I was waiting for Micah to change into his uniform in the baseball field bathroom. It was one of the first games of the season and he couldn't wait to get on the field.

So why was he taking longer to get dressed than my teenage daughter?!

After what seemed like an eternity, he finally emerged, looking upset and clutching his pants at the waist.

Hey, buddy, I said. What's wrong? Do you need help with your belt?

No! I don't have my belt! I can't find it!

Gulp. I was sure we had packed it in the bag that morning. "Well, maybe we left it in the van," I said, trying to make my voice sound cheery to mask that I was in internal "freakout" mode.

We made a mad dash to the vehicle, but came up empty. And the game started in 10 minutes. I did the math. It would take at least 20 minutes for me to get home and back to the game. If all the lights were green. And if I could find the belt immediately. And no one cut me off in traffic. Hmmm... not lookin' good.

It doesn't work to your advantage to have smart kids in these situations. Micah had done the math, too, and he was in a full-out panic.

I'll never make it in time for the game! I'll miss the game! This is awwwwfulll!!

To add insult to injury, we realized we didn't have his hat, either.

The hat he could live without, but playing with no belt brought to mind disturbing imagery of the crowd seranading my boy with a rousing rendition of "Pants on the Ground, Pants on the Ground, looking like a fool with your pants on the ground..."

I must save him from this cruel fate. I told him to run and tell his coach what had happened and that I'd be back with a belt as soon as humanly possible.

I'm not going to say that I broke the speed limit. I'm simply not going to say that.

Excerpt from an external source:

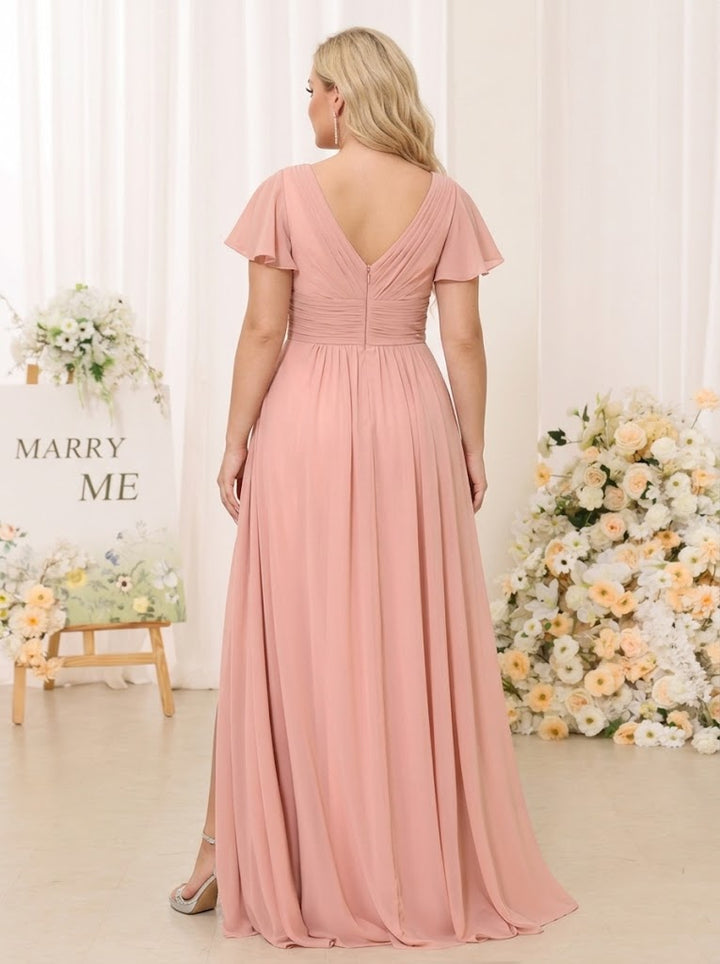 A-Line/Princess V-Neck Short Sleeves Long Plus Size Bridesmaid Dresses with Split Side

Weary, stressed, but triumphantly clutching the prized belt, I ran to the dugout. Thanks, Mom, but you're too late. Since I wasn't ready, I got moved from 2nd in the lineup to last. And someone else had an extra belt they let me borrow a few minutes ago.

Deep sigh.

I had the right equipment, but the moment had passed. I'd missed an opportunity to provide him with something he needed.

I find that can easily happen in parenting. Our kids give us opportunties all the time to present them with things they need -- patience, wisdom, direction, to name a few.

But sometimes I'm not prepared to give it. I'm preoccupied with other concerns, weighed down by events of the day, tired, rundown, out of gas.

Other times, I don't recognize when my kids are presenting me with a golden "2nd in the lineup" kind of opportunity to provide them with something vitally important.

I've found that there's a few things I need on a regular basis to be prepared for all the constant demands of parenting:

1.) Time with God. I can always tell when I've gone a few days without really spending some time praying and studying His Word. I lose perspective. I get worried, fearful. I act out of my emotions. That's a dangerous place to be.

Sleep/Rest. Regular sleep is important, but times of rest and refueling are just as important. I just came home from an awesome writing conference, but I was exhausted. Even good stress and activity can be draining. I soon found myself irritable and impatient. As my eloquent and brutally honest teenage daughter said, "I hope you feel better. You're kind of turning into Psycho Mom." Thanks, honey.

3.) A team approach. When my husband and I are communicating and spending time connecting, I can FEEL that support. Working as a team fills me up and helps me feel more prepared for the unexpected things that happen in parenting. (And let's face it, what's not unexpected?)

Being prepared for the game of parenting doesn't always guarantee victory, but it's definitely half the battle.

How about you? What things help you prepare for parenting's ups and downs?